OR it could be because their concerns are genuine but are ignored in favour of a good sounding story.
So that is definitively a biased interpretation. This is independent of how accurate my POV or your POV is on whether LLMs degrade documents. I am simply saying the experiment conducted is COMPLETELY DIFFERENT from how LLMs AND humans edit papers.
* than
As I was reading this article, a similar thought occurred to me: "I wonder if that's better or worse than a human?" Unfortunately, there was no human baseline in this study. That said, there are studies that compare LLM to human performance. Usually, humans perform much better (like 5-7x better) at long-running tasks.
In other words, a human would probably do better than an LLM on this task.
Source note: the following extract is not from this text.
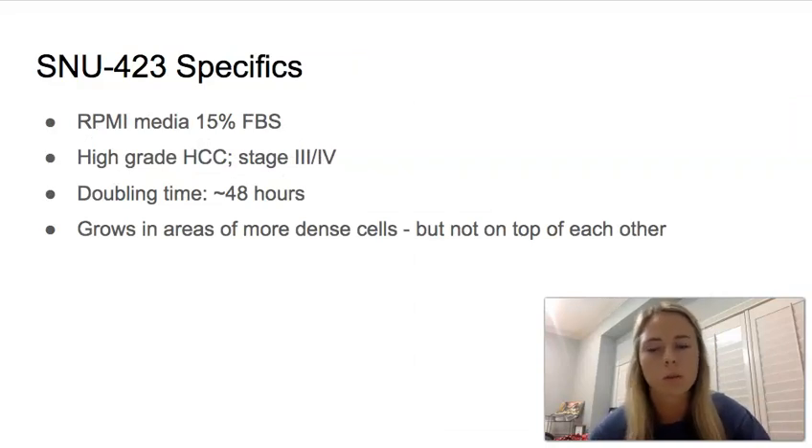Some specifics we noticed when growing this cell line: it uses an RPMI-based media with 15% FBS. It is a high-grade hepatocellular carcinoma, so stage 3 to 4, and its doubling time is about 48 hours. We did notice that the SNU 423 had a quicker doubling time than the HepG2, which is as expected because it is more aggressive, so you'd expect it to grow at a quicker rate.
Humans lose to LLMs in narrow, well-specified text/symbolic reasoning tasks where the model can exploit breadth, speed, and search. Usually, the LLM performed ~15% better than humans, but I saw studies that were as high as 80%. To my surprise, these studies were usually about "soft skills" like creativity and persuasion.
Show your edit by regurgitating this entire thread by hand on a paper. Don't use any additional tools like Find and replace.
Boom there's your baseline. I can simulate the result in my head.
Guys I'm basically saying the experiment is innaccurate to the practical reality of how LLMs are actually used.